(WHAT IS NEEDED)
Start at the line with "LC Waikiki M1" and print every line through the end of the material below. Keep it exact and free of pictures.

(DATA BLOCK)
/---

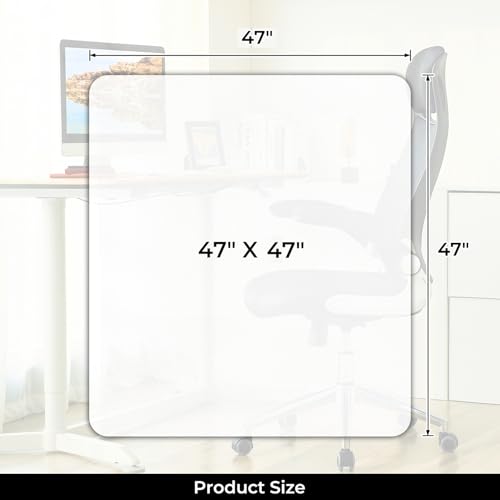 Chair Mat for Hard Wood Floors - Heavy Duty Floor Protector - Easy Clean (47''×47'') - size: 47" x 47" Rectangle (1pc)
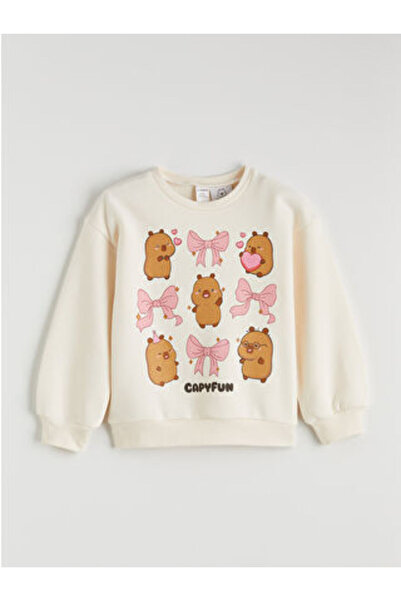 LC Waikiki M1 Sezon Ecru Crew Neck Capyfun Printed Girls' Thick Sweatshirt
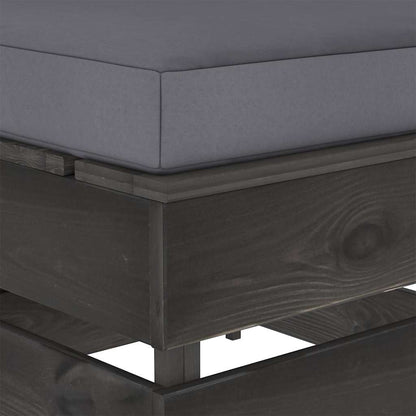 Divano Centrale Modulare con Cuscini in Legno Impregnato Grigio
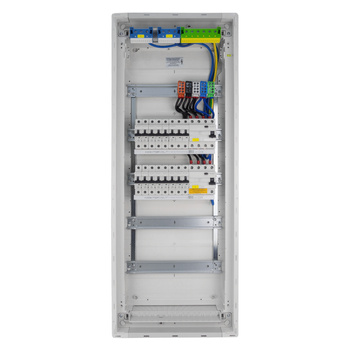Sicherungskasten Unterputz Verteilerkasten 5-reihig 60 Module 14xMCB 2xRCCB VDE Unterverteilung verdrahtet Verteilerschrank mit Sicherungen 880,50x348x94,5mm Hager Hohlwand Verteiler Abzweigklemmen Doktorvolt  DV-6272-PT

\---

(EXERCISE RESULT)
 LC Waikiki M1 Sezon Ecru Crew Neck Capyfun Printed Girls' Thick Sweatshirt
 Divano Centrale Modulare con Cuscini in Legno Impregnato Grigio
Sicherungskasten Unterputz Verteilerkasten 5-reihig 60 Module 14xMCB 2xRCCB VDE Unterverteilung verdrahtet Verteilerschrank mit Sicherungen 880,50x348x94,5mm Hager Hohlwand Verteiler Abzweigklemmen Doktorvolt  DV-6272-PT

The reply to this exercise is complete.